Baku Pukul di Kalideres, Pencari Suaka dari Afrika Biang Onar?
TEMPO.CO | 21/07/2019 15:19
Keributan antar pengungsi pencari suaka asal Afrika dengan Afganistan terjadi di eks Gedung Kodim, kompleks perumahan Daan Mogot Baru, Jalan Bedugul, Kalideres, Jakarta Barat, pada Ahad, 21 Juli 2019. Para pencari suaka difasilitasi sementara di lokasi it
Keributan antar pengungsi pencari suaka asal Afrika dengan Afganistan terjadi di eks Gedung Kodim, kompleks perumahan Daan Mogot Baru, Jalan Bedugul, Kalideres, Jakarta Barat, pada Ahad, 21 Juli 2019. Para pencari suaka difasilitasi sementara di lokasi itu sejak direlokasi dari atas trotoar di Kebon Sirih, Jakarta Pusat, Kamis 11 Juli 2019. Tempo/Adam Prireza

JAKARTA - Keributan antar pengungsi pencari suaka di eks Gedung Markas Komando Militer (Kodim) Kalideres, Jakarta Barat, kerap dipicu berebut kebutuhan sehari-hari.
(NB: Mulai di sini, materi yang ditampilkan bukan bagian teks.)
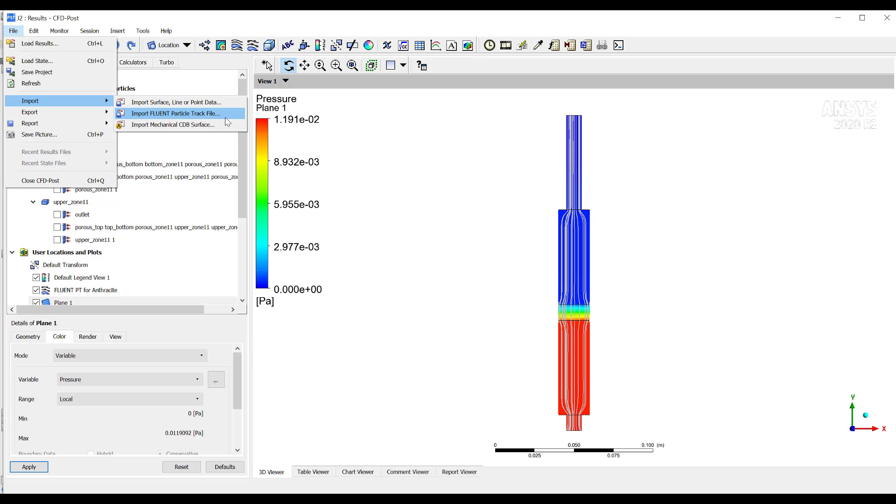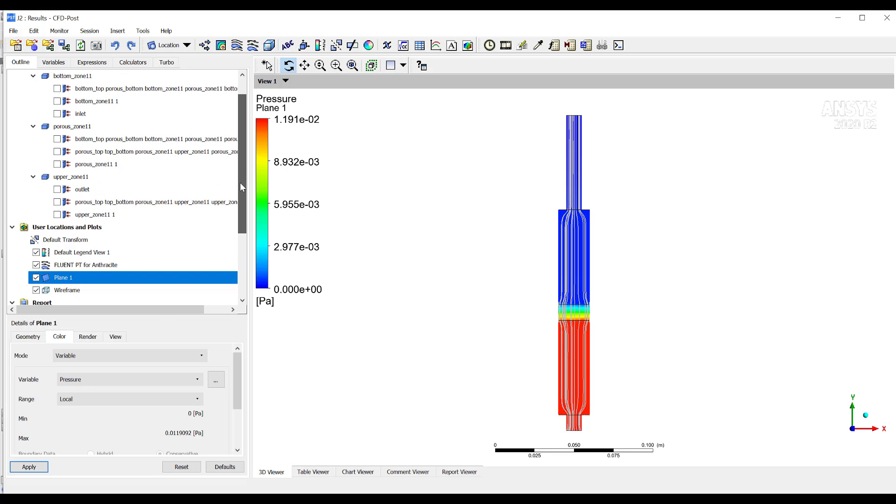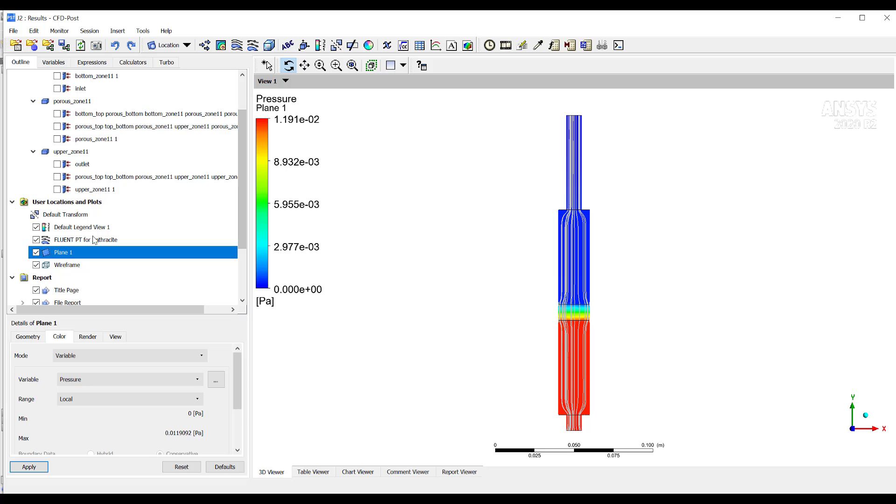Then I already imported it. Then once you import the particle track file, then you will see something like this. Then this is the particle track. If I uncheck it, then you see how the streamlines for particles disappear. If I enable it, they appear.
Bukan karena pasokan yang minim, tapi sebagian pengungsi berperilaku buruk tak mau mengantre baik saat mengambil air persih maupun pembagian makanan.

"Sering kali saling serobot kalau mengambil sesuatu dan ujungnya bertengkar,” kata Iwan, Petugas Taruna Siaga Bencana (Tagana), di lokasi pengungsian di eks Gedung Kodim, Kalideres, Jakarta Barat, Ahad, 21 Juli 2019.

Pernyataan serupa disampaikan seorang pengungsi asal Afganistan, Abdul Zabih, 39 tahun. Dia mengaku kerap melihat pengungsi yang berbeda negara cekcok karena berebut mengambil kebutuhan sehari-hari. Padahal, kata dia, baik makanan maupun air bersih untuk mencuci dan minum tersedia cukup.

“Pasti bertengkar dan berebut. Pembagian makanan, mengambil minum, atau kebutuhan seperti popok bayi dan susu,” ujar pria yang lancar berbahasa Indonesia itu.

Tempo yang berada di lokasi saat pembagian makan melihat bagaimana petugas kewalahan lantaran sebagian pengungsi tak mau antre. Mereka terlihat berebut dan ingin mendapat pembagiannya lebih dulu ketimbang yang lain.

Perihal yang sama menjadi sebab keributan yang terjadi Ahad siang ini. Berdasarkan informasi dari lokasi, pengungsi dari Afrika menyerobot pengungsi Afganistan saat mengambil air bersih untuk mencuci. Alhasil, belasan orang dari kedua kubu cekcok dan saling pukul. Pertikaian bahkan sempat berlanjut saling lempar batu.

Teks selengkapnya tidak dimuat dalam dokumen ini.